Anyway, I’ll keep an eye out and let you all know if I get a device stuck in this state again so we can experiment more =)


#39

@pcarranzav

Those commands are very helpful thanks. We’ll run them (in addition to providing support access) if this is seen again.

To all balena folk on here: is there any way we can gather these low level logs from our application container? We have a fairly robust internal log infrastructure that might be useful in debugging this stuff if we could forward the OS logs to it. We could, e.g., give you guys logs going back a week or more.

@msegado
Thanks for the update and info about your ability to reboot. My hunch is that there’s something else going on here. Your disk cache explanation is a logical argument but it seems a stretch to justify the SD corruption as the culprit. I’m not aware of a corruptible read only disk cache (living somewhere between nonvolatile cells and RAM) as you’re describing. It seems that if power is too low to hold things in volatile memory, even RAM would be affected. Could be wrong on that though. Another thing is that we saw a spurt of devices encountering this issue immediately after a large portion of our fleet experienced a network outage. I guess that “network outage” could have been a power outage though. Random power outages might cause any power-related instability to surface.


#43

@troyvsvs, regarding: “is there any way we can gather these low level logs from our application container?,” to the best of my knowledge unfortunately the answer is no. This request/question pops up every now and then, and every time it does, it gets upvoted in our internal issue tracker and discussed in our roadmap meetings, so thank you for bringing it up!


#44

Are the devices all on a common power infrastructure? If the issue was correlated with an outage on network as well, and they are on a common power infrastructure, it seems possible that power fluctuation is a variable that could connect network outage to any disk / memory corruption.

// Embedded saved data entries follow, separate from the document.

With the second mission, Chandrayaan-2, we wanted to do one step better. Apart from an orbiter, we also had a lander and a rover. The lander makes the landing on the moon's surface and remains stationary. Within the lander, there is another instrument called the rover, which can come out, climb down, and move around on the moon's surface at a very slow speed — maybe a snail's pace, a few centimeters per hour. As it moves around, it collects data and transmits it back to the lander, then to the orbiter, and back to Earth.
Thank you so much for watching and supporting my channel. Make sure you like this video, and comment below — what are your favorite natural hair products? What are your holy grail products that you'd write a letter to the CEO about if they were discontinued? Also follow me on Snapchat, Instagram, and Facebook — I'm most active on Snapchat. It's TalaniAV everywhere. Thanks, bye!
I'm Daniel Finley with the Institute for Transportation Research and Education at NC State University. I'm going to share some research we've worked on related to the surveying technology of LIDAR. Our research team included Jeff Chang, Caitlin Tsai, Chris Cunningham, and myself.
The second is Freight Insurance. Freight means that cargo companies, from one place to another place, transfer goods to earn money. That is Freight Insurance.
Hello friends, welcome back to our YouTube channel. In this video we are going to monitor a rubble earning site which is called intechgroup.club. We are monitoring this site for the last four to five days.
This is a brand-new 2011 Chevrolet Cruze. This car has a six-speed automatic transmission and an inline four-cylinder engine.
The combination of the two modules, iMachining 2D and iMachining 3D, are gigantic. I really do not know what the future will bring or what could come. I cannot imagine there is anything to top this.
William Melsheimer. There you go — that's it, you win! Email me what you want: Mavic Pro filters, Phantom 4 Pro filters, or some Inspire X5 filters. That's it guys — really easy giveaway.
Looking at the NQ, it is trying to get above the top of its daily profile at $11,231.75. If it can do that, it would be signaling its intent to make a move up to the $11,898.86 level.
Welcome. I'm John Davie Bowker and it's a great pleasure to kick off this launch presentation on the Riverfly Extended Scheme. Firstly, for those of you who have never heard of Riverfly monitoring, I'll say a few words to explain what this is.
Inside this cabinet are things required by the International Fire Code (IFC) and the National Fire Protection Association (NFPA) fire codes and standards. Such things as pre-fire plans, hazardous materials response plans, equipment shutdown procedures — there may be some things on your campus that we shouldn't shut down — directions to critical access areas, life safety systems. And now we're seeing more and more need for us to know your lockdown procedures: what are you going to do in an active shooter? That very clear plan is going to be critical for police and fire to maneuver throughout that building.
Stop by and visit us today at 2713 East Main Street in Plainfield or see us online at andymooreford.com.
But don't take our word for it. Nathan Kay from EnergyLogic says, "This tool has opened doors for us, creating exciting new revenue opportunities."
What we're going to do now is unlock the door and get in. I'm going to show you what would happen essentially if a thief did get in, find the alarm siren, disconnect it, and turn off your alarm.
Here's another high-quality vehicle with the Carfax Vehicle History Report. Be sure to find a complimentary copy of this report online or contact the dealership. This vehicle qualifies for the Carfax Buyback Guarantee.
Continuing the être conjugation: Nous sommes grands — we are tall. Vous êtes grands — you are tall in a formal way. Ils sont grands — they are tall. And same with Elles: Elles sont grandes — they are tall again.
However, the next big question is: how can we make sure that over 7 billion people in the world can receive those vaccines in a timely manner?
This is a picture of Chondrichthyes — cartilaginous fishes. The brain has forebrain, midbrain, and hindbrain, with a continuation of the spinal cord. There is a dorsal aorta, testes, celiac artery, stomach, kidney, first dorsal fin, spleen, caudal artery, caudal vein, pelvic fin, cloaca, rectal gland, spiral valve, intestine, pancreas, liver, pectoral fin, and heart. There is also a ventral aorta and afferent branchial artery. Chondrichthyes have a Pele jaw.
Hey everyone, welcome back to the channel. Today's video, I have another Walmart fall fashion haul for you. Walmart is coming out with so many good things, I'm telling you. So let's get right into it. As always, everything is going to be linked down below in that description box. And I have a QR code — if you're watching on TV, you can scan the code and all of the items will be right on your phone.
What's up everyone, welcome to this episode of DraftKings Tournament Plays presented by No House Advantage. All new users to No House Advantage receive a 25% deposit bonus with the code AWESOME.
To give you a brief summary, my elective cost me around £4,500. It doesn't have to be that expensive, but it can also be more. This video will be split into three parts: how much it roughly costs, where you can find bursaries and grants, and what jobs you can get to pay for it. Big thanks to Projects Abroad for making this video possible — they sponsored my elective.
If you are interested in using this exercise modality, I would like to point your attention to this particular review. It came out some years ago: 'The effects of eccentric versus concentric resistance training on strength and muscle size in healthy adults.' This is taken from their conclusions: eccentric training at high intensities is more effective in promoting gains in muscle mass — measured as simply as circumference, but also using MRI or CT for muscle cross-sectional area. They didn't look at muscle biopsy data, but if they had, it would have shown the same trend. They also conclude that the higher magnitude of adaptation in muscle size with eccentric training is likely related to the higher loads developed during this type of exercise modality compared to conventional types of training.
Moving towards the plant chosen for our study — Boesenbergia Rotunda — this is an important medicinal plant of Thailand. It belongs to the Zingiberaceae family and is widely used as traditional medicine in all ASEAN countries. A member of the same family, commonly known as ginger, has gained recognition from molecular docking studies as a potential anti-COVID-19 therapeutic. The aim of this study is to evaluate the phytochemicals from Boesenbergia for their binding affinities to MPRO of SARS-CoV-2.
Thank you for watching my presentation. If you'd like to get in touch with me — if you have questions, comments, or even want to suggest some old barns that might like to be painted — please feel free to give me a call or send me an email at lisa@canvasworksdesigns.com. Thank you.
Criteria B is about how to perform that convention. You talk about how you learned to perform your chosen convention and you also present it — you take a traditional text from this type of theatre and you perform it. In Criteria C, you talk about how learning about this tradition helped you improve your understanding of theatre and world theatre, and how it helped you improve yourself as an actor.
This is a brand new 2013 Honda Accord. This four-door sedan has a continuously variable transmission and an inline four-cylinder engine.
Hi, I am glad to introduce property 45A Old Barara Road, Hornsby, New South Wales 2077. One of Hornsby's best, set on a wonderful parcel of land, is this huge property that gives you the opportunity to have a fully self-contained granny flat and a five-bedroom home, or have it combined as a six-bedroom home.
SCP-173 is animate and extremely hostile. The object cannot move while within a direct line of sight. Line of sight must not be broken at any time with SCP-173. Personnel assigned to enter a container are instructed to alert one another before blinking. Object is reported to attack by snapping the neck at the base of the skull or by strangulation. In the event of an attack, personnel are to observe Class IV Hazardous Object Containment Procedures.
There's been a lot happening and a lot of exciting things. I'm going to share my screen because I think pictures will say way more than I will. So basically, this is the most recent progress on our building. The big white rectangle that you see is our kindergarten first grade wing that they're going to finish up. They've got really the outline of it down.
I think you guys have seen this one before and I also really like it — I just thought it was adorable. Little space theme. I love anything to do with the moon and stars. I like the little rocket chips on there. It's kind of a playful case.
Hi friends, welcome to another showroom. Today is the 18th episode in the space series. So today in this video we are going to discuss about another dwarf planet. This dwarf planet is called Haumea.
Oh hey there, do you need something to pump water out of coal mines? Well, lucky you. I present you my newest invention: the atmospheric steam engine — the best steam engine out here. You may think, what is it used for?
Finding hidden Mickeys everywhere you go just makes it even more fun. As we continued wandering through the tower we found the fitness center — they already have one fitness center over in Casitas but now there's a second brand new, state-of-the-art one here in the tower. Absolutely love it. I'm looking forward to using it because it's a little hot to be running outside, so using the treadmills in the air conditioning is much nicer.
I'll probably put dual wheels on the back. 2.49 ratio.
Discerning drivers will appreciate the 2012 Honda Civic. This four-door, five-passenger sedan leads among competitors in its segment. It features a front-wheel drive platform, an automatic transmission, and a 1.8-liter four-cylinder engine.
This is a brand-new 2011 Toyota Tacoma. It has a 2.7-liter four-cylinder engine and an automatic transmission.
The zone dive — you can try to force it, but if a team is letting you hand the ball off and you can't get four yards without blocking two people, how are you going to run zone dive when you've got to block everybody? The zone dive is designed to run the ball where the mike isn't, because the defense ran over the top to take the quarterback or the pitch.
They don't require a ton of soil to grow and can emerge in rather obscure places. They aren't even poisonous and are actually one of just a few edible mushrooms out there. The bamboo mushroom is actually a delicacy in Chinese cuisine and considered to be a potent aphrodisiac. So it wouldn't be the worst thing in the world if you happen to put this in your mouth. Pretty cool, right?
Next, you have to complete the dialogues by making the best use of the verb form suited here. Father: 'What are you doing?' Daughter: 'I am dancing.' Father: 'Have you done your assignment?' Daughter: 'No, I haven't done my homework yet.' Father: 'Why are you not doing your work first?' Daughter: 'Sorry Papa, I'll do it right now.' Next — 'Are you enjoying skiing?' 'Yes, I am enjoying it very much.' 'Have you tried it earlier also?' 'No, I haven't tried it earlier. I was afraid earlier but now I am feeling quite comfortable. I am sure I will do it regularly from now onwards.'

Also, could you clarify which kinds of logs you’d like to gather from the application containers? It may be possible to include a logging export agent in your application image for the logs you want.


#45

@pdcastro
You’re welcome. Thanks for hopping on, and for the insight into Balena’s development processes.

@dt-rush
We aren’t sure exactly the topology of the power infrastructure at our install locations, but several of the devices were in the same building.

As to which kinds of logs we’d like to gather, we’d like to gather any logs that can help Balena or us debug stability issues and improve the core OS, or knowledge of the interaction between application containers and the OS for maximum reliability. Eventually we want or IoT service to reach > 99.9% uptime, and in the future numbers like that will be a requirement for us, so I want to do whatever I can to boost the reliability numbers. Any or all logs useful to achieving that can be accommodated.